Postby CAP » Mon May 04, 2015 3:34 am

Yes the SNG’s example is from the 30s – as are most online examples.

And for the reader who can’t be bothered googling – here’s a very Currin-like, Venus with Gloves from 1932, Vanity of Vanities also from 1932, and this one I didn’t catch the title of, but I think you’ll agree VERY Currin-esque.

I should also admit that the perception Currin <> Dix is not mine. I got it from an article in a magazine in the early noughties (?) by Richard Morphett. Old Dickie, still probably the last really good curator The Tate has had (from before the split into Britain and Modern). His downfall: the ill fated Kitaj retrospective of 1994, when bad crits blew Ron’s fairly precarious state of mind. But Dickie’s eye was pretty damn good. I’d back him against a bunch of Fleet Street slaggers any day. I think he’s still around, but obviously retired by now...

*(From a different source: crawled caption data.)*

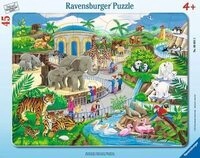 RAVENSBURGER 6661 Kinderpuzzle Besuch im Zoo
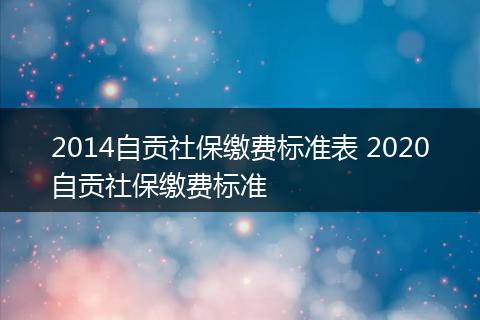 2014自贡社保缴费标准表 2020自贡社保缴费标准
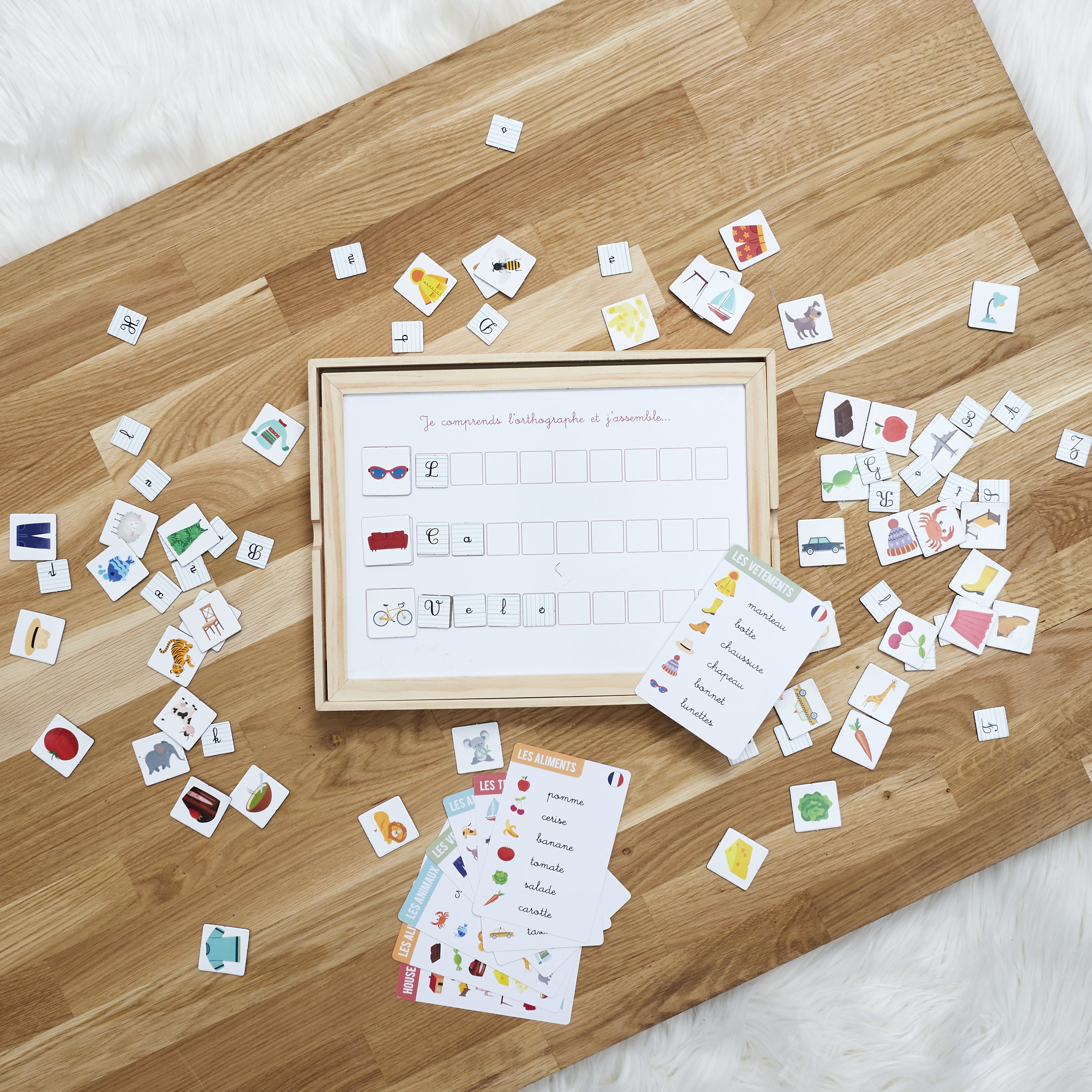 TABLEAU EN BOIS JE COMPRENDS LES LETTRES
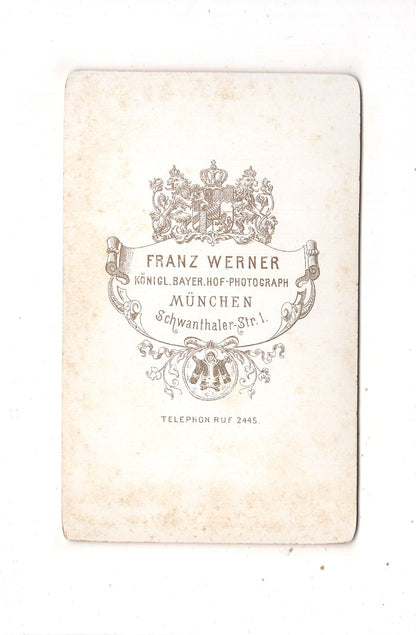Fotografie Feines junges Mädchen - München 1890er
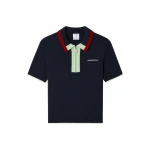 Casablanca merino short sleeve polo shirt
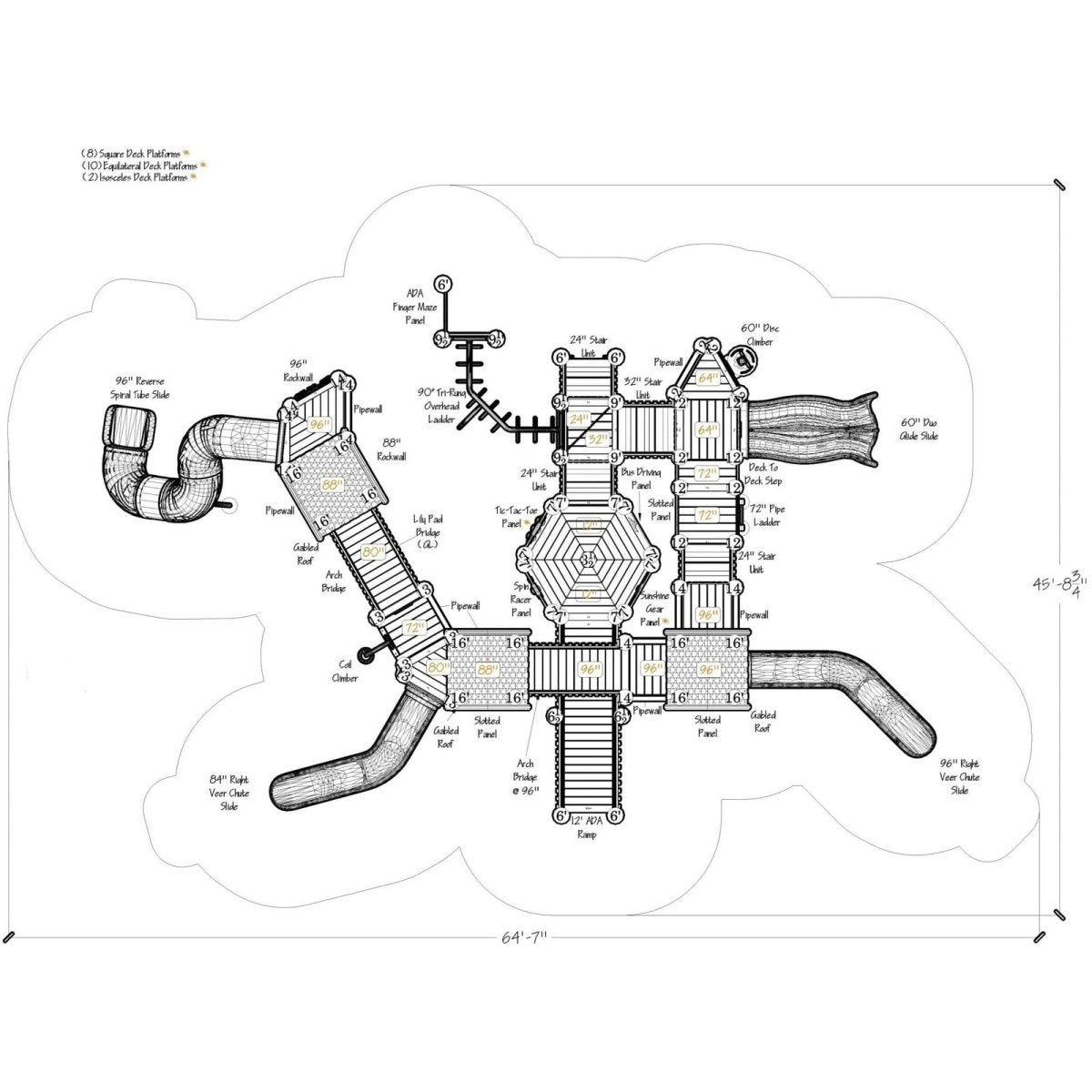 Voyager Playset - School-Age Playgrounds - Playtopia, Inc.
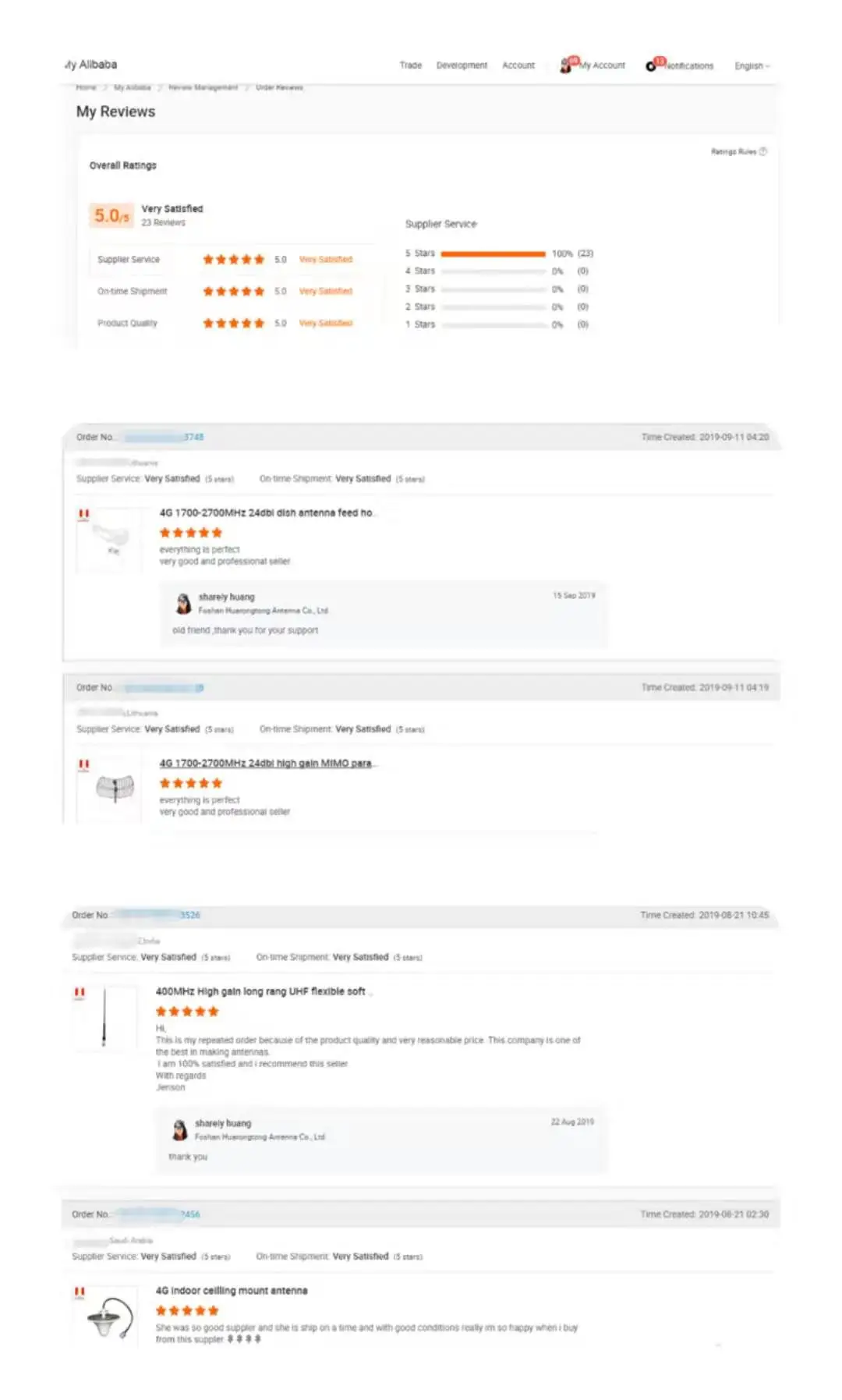 customer feed back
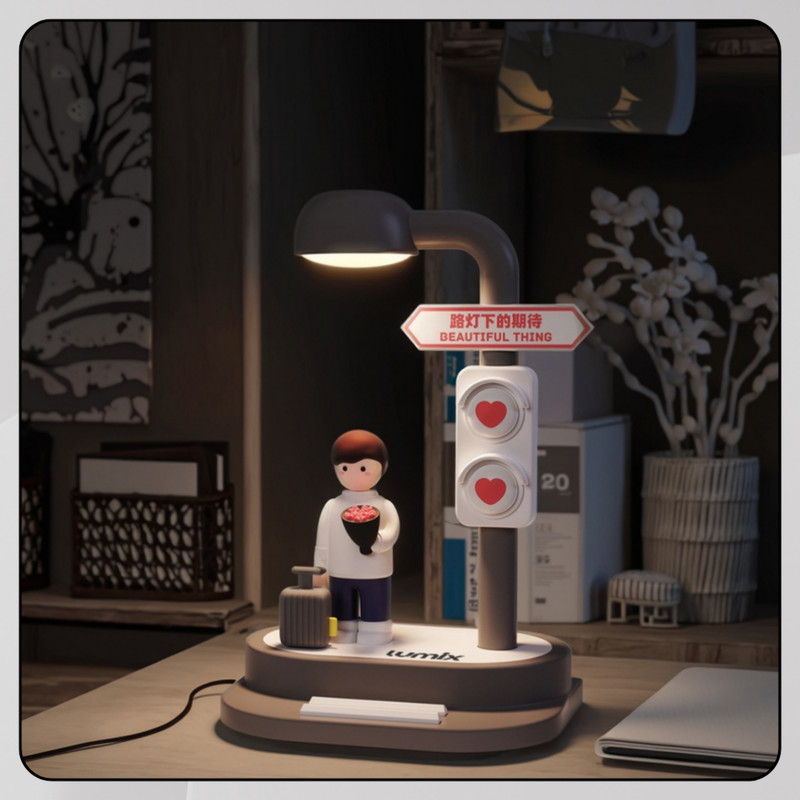 چراغ خواب لومیکس مدل Romance light-B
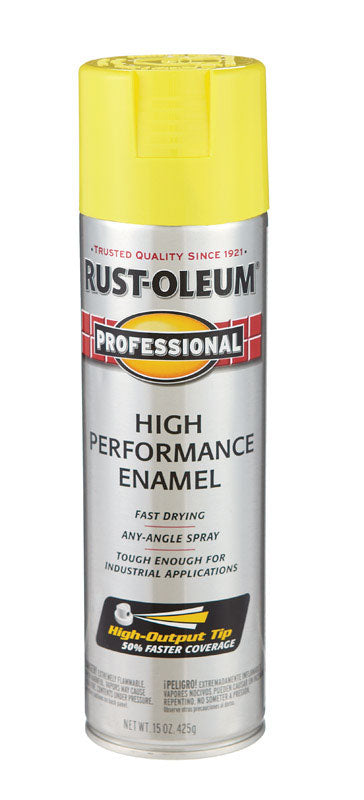 Rust-Oleum Professional Gloss Safety Yellow Spray Paint 15 oz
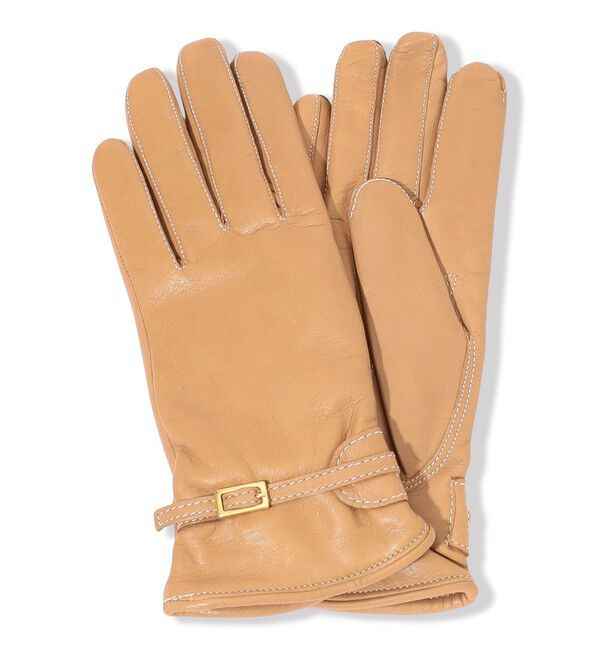 TOMORROWLAND GOODS「Gala Gloves ベルテッド グローブ」|手袋|41 ベージュ
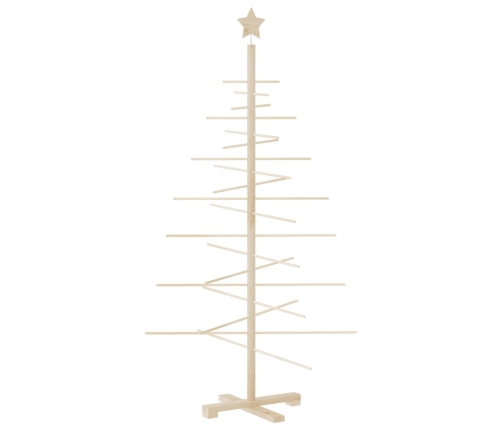 Árbol de Navidad de madera de adorno madera maciza pino 150 cm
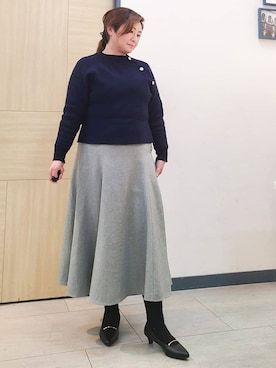 にゃみさん(レディース・159cm)の冬コーディネート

Anyway, for some reason he unearthed a Late Dix from the 50s that was so like a Currin it took me some time to accept that it actually was a Dix. It was eerie! Apparently by the 50s Otto went full-on teenage/sleaze pinups, in the American style, teetering on MAD magazine territory. Well you could see how it might be an extension of his decadent programme. But not even Dix fans could really go there; hence they’re rarely seen, even on the web.